Subsequent MRI in a very short time interval shows markedly increased abnormality of the ramus and increased edema and “mass” of the soft tissue. Post contrast imaging shows multiple, rim enhancing collections of the soft tissue and similar albeit less conspicuous enhancing collection of the ramus.










































Diagnosis: Osteomyelitis and Soft Tissue Abscess
This case was a bit surprising to all involved given that the young man is otherwise in good health and extremely active in sports. The original thought was this case was going to be an overuse injury or stress fracture. The pubic ramus with the adjacent physis acts as a metaphyseal equivalent and although not frequently thought of would be a reasonable location for infection/osteomyelitis. The first MRI was somewhat confusing as the process did not have an appearance of a stress injury or rectus adductor aponeurosis injury. The degree of edema of the bone and soft tissue together would be odd especially for a sports hernia process. Initially, the thought was of an aggressive process which could be infection or neoplastic. Particularly, the abnormal architecture of the inferior surface of the ramus looked like a destructive process.

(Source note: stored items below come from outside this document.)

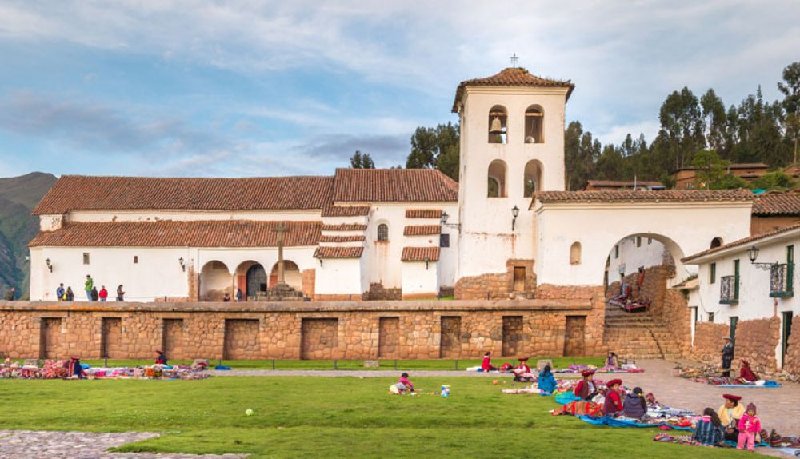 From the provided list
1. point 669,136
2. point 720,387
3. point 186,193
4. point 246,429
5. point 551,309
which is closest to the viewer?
point 246,429

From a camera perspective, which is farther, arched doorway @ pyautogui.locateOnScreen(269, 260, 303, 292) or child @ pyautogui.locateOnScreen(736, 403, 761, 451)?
arched doorway @ pyautogui.locateOnScreen(269, 260, 303, 292)

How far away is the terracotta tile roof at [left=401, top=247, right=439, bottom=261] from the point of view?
148 feet

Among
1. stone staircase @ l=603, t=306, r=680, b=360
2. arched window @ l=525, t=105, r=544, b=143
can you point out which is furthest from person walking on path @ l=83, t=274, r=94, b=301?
stone staircase @ l=603, t=306, r=680, b=360

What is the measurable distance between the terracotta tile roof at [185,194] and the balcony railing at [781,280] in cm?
2873

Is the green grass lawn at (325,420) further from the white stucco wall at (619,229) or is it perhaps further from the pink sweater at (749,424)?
the white stucco wall at (619,229)

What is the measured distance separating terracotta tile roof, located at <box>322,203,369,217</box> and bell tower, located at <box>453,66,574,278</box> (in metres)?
7.44

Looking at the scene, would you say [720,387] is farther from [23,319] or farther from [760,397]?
[23,319]

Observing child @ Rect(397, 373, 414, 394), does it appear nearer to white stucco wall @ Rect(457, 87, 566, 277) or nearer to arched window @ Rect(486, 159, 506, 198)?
white stucco wall @ Rect(457, 87, 566, 277)

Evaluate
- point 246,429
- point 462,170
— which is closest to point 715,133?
point 462,170

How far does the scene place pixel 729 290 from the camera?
28.0 metres

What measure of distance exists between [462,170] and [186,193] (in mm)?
17192

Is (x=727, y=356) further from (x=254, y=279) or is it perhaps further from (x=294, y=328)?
(x=254, y=279)

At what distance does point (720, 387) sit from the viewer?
887 inches

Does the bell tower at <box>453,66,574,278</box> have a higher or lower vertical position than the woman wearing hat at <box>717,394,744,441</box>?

The repeat MRI, with the marked degree of increased abnormality of the bone and soft tissue shifted the diagnosis to a high degree towards infection. Even the most aggressive of neoplasms would not have that the degree of change in a 3-day time span. The CT study was shown before the repeat MRI but actually occurred just after the repeat MRI. It helped confirm the destructive process of the ramus and particularly the abnormal architecture along the inferior margin. The patient went on to have a CT guided aspiration of one of the soft tissue collections with 4cc of purulent fluid obtained. A surgical irrigation and debridement of the bone and soft tissue was performed. A PICC line was placed and the patient is currently undergoing IV antibiotic treatment with a possible repeat irrigation and debridement.